→ Exercise goal: Copy out the line that contains "Lustra Suspendata 12 Socluri E27 LZ3361-12" and the lines after it through the final one in the entries below, exactly, with no other lines.

→ Extracted records:

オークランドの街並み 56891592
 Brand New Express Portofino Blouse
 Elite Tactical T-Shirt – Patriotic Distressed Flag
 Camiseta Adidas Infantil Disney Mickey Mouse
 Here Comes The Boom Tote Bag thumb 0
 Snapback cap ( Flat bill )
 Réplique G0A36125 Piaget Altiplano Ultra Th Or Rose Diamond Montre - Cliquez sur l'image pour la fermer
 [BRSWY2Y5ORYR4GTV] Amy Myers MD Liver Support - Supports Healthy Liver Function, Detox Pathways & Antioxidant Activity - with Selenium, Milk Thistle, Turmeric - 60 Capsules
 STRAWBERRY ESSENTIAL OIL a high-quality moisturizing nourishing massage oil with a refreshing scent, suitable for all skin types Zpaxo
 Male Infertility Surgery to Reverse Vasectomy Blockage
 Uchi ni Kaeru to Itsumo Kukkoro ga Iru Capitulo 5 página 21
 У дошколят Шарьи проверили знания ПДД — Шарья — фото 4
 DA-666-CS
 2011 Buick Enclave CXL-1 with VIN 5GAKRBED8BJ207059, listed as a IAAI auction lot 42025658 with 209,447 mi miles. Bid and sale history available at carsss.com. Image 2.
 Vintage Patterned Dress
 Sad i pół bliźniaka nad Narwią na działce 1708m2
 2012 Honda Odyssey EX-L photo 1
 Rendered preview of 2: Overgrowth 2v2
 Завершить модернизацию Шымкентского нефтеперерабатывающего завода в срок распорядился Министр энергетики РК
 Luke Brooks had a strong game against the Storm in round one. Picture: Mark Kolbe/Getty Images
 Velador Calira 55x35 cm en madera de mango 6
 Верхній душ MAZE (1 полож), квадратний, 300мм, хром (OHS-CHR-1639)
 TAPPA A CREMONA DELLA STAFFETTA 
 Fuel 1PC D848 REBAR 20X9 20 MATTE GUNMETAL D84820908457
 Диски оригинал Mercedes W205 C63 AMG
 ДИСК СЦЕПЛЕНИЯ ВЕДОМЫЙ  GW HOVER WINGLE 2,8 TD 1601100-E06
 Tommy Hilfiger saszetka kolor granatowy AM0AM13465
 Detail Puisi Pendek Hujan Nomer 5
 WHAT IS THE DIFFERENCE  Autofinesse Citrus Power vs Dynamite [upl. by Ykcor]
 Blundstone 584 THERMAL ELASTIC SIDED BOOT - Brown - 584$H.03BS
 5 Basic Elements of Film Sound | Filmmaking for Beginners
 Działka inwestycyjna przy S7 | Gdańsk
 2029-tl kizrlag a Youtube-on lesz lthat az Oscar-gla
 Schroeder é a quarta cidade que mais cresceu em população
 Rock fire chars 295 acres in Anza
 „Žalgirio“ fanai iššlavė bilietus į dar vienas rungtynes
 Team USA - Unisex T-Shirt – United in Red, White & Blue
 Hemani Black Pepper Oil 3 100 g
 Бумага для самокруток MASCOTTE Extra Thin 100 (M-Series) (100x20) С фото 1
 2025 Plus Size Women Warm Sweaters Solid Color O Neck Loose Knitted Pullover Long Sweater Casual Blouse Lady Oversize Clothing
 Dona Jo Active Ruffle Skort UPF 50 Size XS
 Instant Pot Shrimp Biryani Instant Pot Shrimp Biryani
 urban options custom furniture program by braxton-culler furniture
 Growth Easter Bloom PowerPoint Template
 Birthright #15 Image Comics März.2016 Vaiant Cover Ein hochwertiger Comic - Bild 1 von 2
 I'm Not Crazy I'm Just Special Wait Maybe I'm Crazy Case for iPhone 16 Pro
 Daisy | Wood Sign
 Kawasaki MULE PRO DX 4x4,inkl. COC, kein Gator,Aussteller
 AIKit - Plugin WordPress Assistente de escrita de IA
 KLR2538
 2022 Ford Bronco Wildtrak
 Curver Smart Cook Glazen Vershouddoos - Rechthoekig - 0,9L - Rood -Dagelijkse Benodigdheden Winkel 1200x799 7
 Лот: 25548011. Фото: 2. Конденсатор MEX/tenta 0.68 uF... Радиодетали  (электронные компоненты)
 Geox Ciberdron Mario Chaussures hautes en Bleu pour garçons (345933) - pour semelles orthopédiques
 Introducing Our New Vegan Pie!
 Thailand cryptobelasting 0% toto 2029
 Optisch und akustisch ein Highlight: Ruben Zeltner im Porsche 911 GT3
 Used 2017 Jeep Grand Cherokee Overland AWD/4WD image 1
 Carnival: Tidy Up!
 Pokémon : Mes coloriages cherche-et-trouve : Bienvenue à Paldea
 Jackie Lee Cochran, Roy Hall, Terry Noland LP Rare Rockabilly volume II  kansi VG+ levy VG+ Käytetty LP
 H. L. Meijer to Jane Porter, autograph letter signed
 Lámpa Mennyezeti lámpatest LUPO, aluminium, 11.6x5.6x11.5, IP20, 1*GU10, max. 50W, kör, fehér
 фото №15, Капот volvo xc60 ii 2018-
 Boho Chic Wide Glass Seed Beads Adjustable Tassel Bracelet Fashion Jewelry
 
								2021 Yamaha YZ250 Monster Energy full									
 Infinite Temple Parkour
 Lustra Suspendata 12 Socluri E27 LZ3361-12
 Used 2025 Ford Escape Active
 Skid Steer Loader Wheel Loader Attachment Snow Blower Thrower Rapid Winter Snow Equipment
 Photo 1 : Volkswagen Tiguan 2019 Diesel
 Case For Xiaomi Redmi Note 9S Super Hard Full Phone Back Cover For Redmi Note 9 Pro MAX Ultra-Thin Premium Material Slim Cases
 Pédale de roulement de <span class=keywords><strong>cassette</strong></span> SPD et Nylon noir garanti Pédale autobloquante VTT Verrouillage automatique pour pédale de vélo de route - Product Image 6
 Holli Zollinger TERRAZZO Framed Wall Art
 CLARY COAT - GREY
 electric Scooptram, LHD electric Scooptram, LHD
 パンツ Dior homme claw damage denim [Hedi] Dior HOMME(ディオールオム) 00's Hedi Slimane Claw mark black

→ Result for this exercise:
 Lustra Suspendata 12 Socluri E27 LZ3361-12
 Used 2025 Ford Escape Active
 Skid Steer Loader Wheel Loader Attachment Snow Blower Thrower Rapid Winter Snow Equipment
 Photo 1 : Volkswagen Tiguan 2019 Diesel
 Case For Xiaomi Redmi Note 9S Super Hard Full Phone Back Cover For Redmi Note 9 Pro MAX Ultra-Thin Premium Material Slim Cases
 Pédale de roulement de <span class=keywords><strong>cassette</strong></span> SPD et Nylon noir garanti Pédale autobloquante VTT Verrouillage automatique pour pédale de vélo de route - Product Image 6
 Holli Zollinger TERRAZZO Framed Wall Art
 CLARY COAT - GREY
 electric Scooptram, LHD electric Scooptram, LHD
 パンツ Dior homme claw damage denim [Hedi] Dior HOMME(ディオールオム) 00's Hedi Slimane Claw mark black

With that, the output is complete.